The transcription factor Islet-2 represses Zic2 expression, which in turn regulates EphB1 receptor expression in the ventro-temporal retina. Ganglion cells in this region of the retina are therefore equipped to detect and respond to the presence of Ephrin-B2 on the surface of a select group of radial glia at the midline, deflecting these optic axons ipsilaterally. (Modified from Petros et al., 2009).

Figure 6

Orthogonal density gradients of EphA3 and EphB2/EphB3 receptors upon the population of retinal ganglion cells enable their axonal growth cones to identify corresponding locations within the optic tectum by virtue of complementary Ephrin-A2/A5 and Ephrin-B1 gradients, mediating the establishment of the retinotopic map.

Figure 7

Spontaneous (pre-visual) waves of activity spread across the surface of the developing retina (top), affecting each retina independently.
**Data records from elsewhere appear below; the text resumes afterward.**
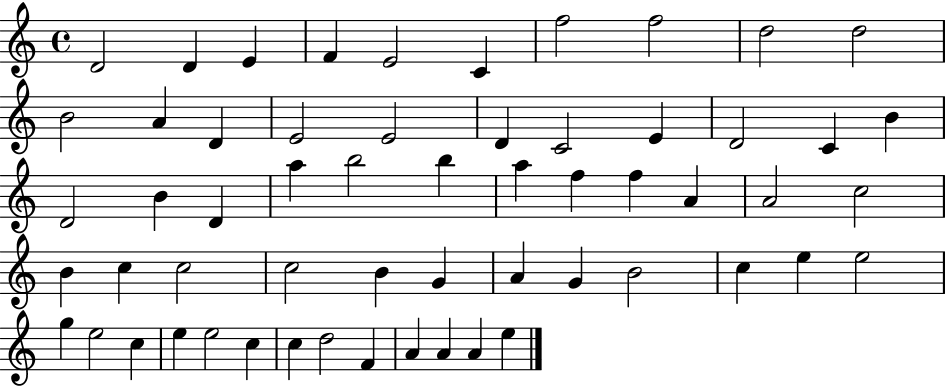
{
  \clef treble
  \time 4/4
  \defaultTimeSignature
  \key c \major
  d'2 d'4 e'4 | f'4 e'2 c'4 | f''2 f''2 | d''2 d''2 | \break b'2 a'4 d'4 | e'2 e'2 | d'4 c'2 e'4 | d'2 c'4 b'4 | \break d'2 b'4 d'4 | a''4 b''2 b''4 | a''4 f''4 f''4 a'4 | a'2 c''2 | \break b'4 c''4 c''2 | c''2 b'4 g'4 | a'4 g'4 b'2 | c''4 e''4 e''2 | \break g''4 e''2 c''4 | e''4 e''2 c''4 | c''4 d''2 f'4 | a'4 a'4 a'4 e''4 | \break \bar "|."
}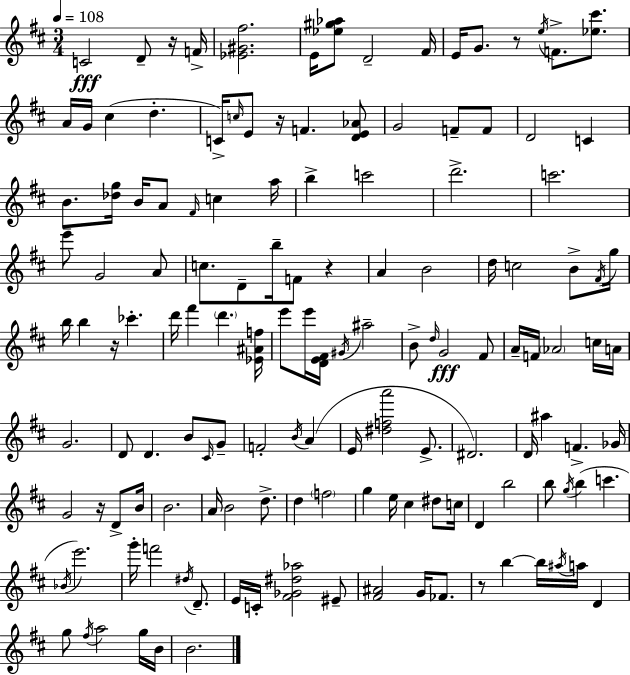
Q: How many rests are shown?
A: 7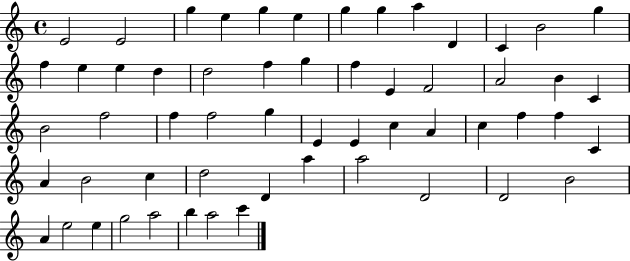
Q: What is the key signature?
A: C major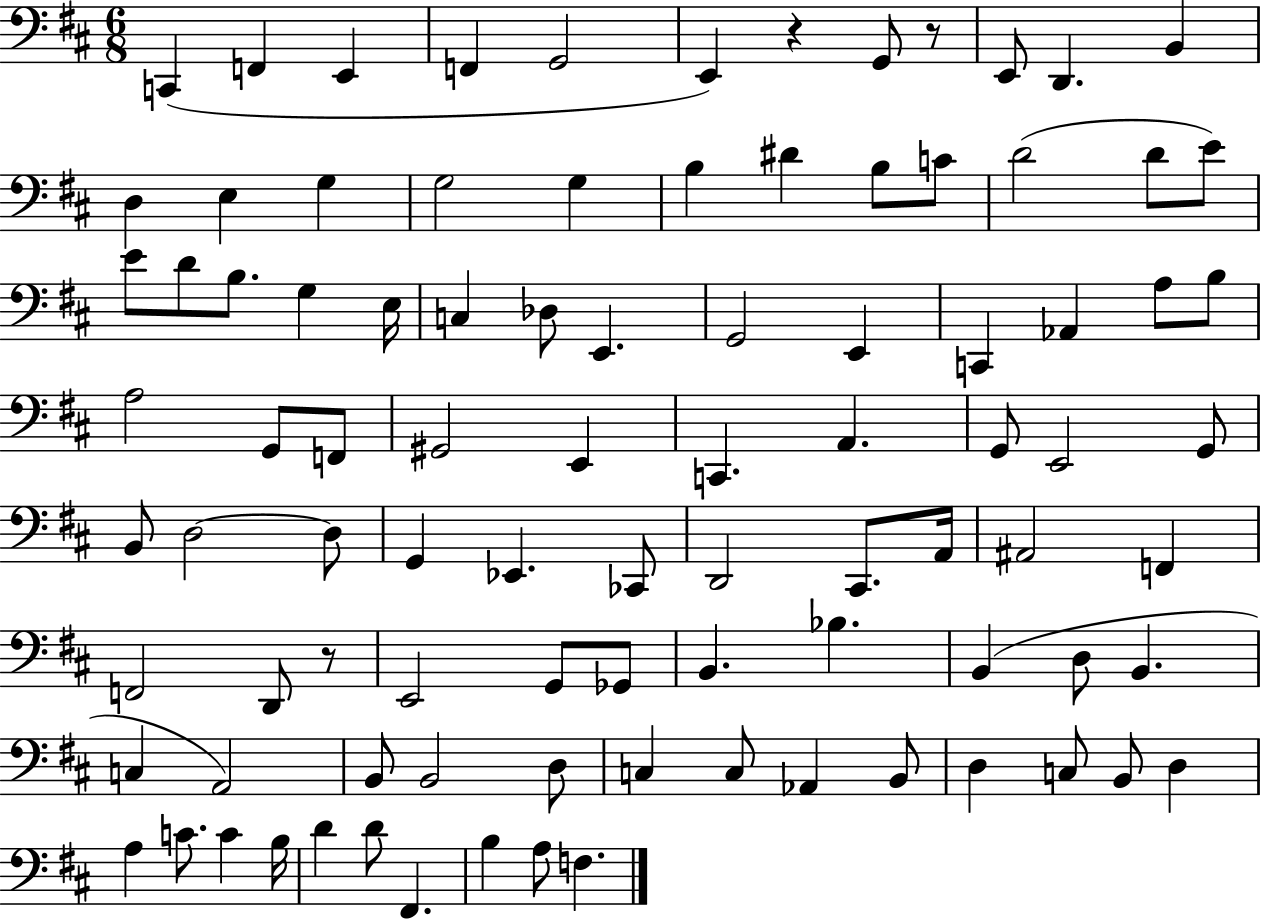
{
  \clef bass
  \numericTimeSignature
  \time 6/8
  \key d \major
  c,4( f,4 e,4 | f,4 g,2 | e,4) r4 g,8 r8 | e,8 d,4. b,4 | \break d4 e4 g4 | g2 g4 | b4 dis'4 b8 c'8 | d'2( d'8 e'8) | \break e'8 d'8 b8. g4 e16 | c4 des8 e,4. | g,2 e,4 | c,4 aes,4 a8 b8 | \break a2 g,8 f,8 | gis,2 e,4 | c,4. a,4. | g,8 e,2 g,8 | \break b,8 d2~~ d8 | g,4 ees,4. ces,8 | d,2 cis,8. a,16 | ais,2 f,4 | \break f,2 d,8 r8 | e,2 g,8 ges,8 | b,4. bes4. | b,4( d8 b,4. | \break c4 a,2) | b,8 b,2 d8 | c4 c8 aes,4 b,8 | d4 c8 b,8 d4 | \break a4 c'8. c'4 b16 | d'4 d'8 fis,4. | b4 a8 f4. | \bar "|."
}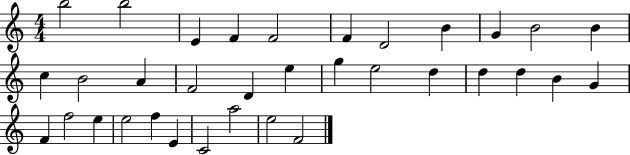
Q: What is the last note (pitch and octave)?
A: F4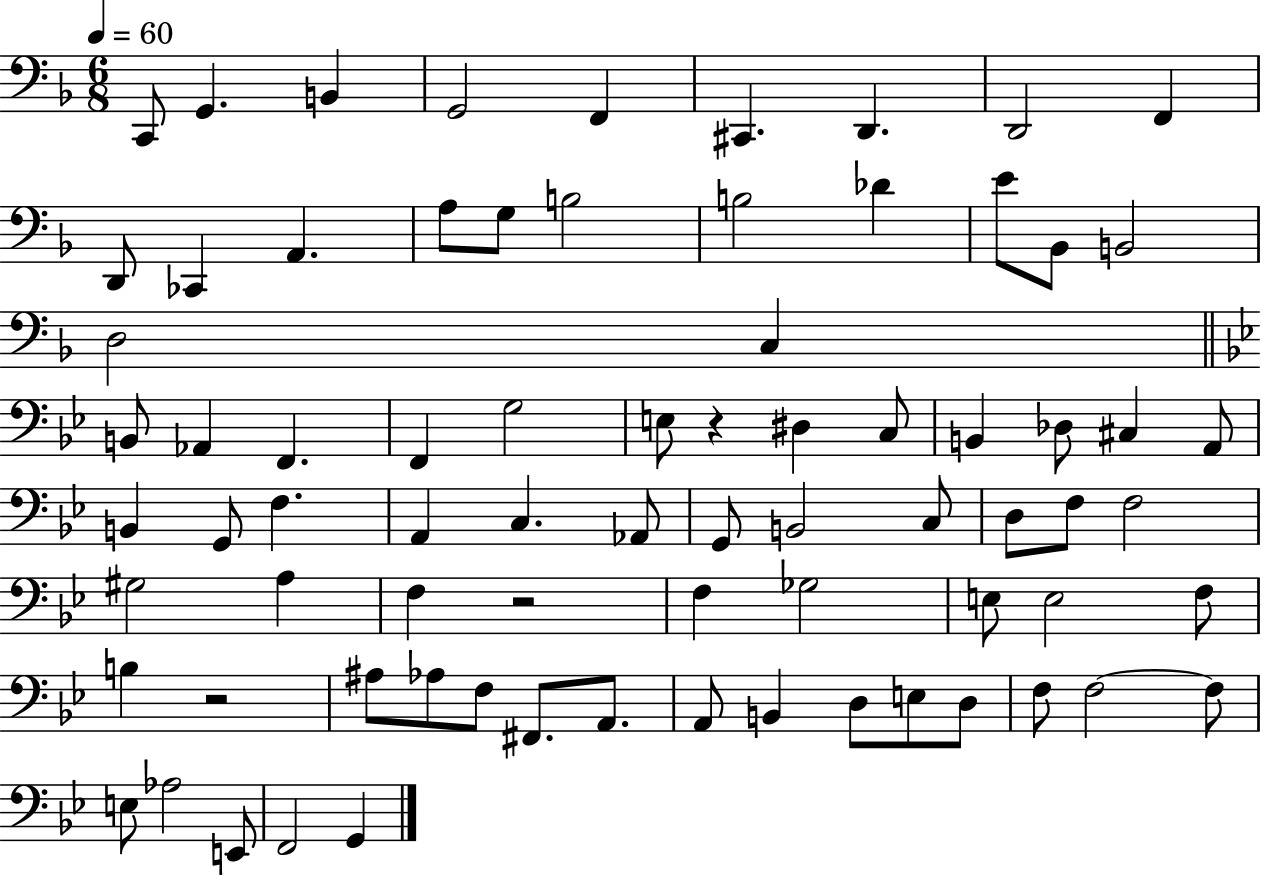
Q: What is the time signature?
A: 6/8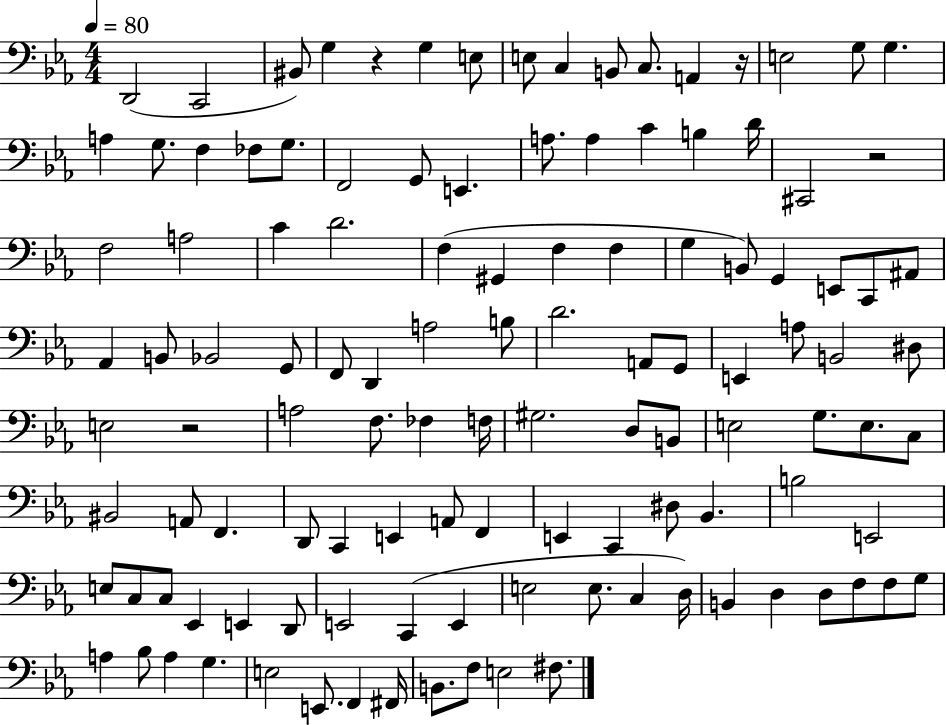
D2/h C2/h BIS2/e G3/q R/q G3/q E3/e E3/e C3/q B2/e C3/e. A2/q R/s E3/h G3/e G3/q. A3/q G3/e. F3/q FES3/e G3/e. F2/h G2/e E2/q. A3/e. A3/q C4/q B3/q D4/s C#2/h R/h F3/h A3/h C4/q D4/h. F3/q G#2/q F3/q F3/q G3/q B2/e G2/q E2/e C2/e A#2/e Ab2/q B2/e Bb2/h G2/e F2/e D2/q A3/h B3/e D4/h. A2/e G2/e E2/q A3/e B2/h D#3/e E3/h R/h A3/h F3/e. FES3/q F3/s G#3/h. D3/e B2/e E3/h G3/e. E3/e. C3/e BIS2/h A2/e F2/q. D2/e C2/q E2/q A2/e F2/q E2/q C2/q D#3/e Bb2/q. B3/h E2/h E3/e C3/e C3/e Eb2/q E2/q D2/e E2/h C2/q E2/q E3/h E3/e. C3/q D3/s B2/q D3/q D3/e F3/e F3/e G3/e A3/q Bb3/e A3/q G3/q. E3/h E2/e. F2/q F#2/s B2/e. F3/e E3/h F#3/e.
The top five panels show the active regions (shaded) at two-second intervals from left to right. As a consequence, the bursts of action potentials by retinal ganglion cells will be more highly correlated between those axon terminals arising from adjacent locations on the retinal surface (a and b), ensuring a stabilization of their nascent synaptic contacts with target neurons, refining the precision of the retinotopic map (bottom). Much as more distant locations on the retina will have non-synchronous spontaneous activity with these two cells (c), so locations on the opposite retina should generate asynchronous discharges (d) relative to these cells, leading to the loss of binocular innervation upon single cells in the developing lateral geniculate nucleus. (Top modified from Stafford, Sher, Litke, & Feldheim, 2009).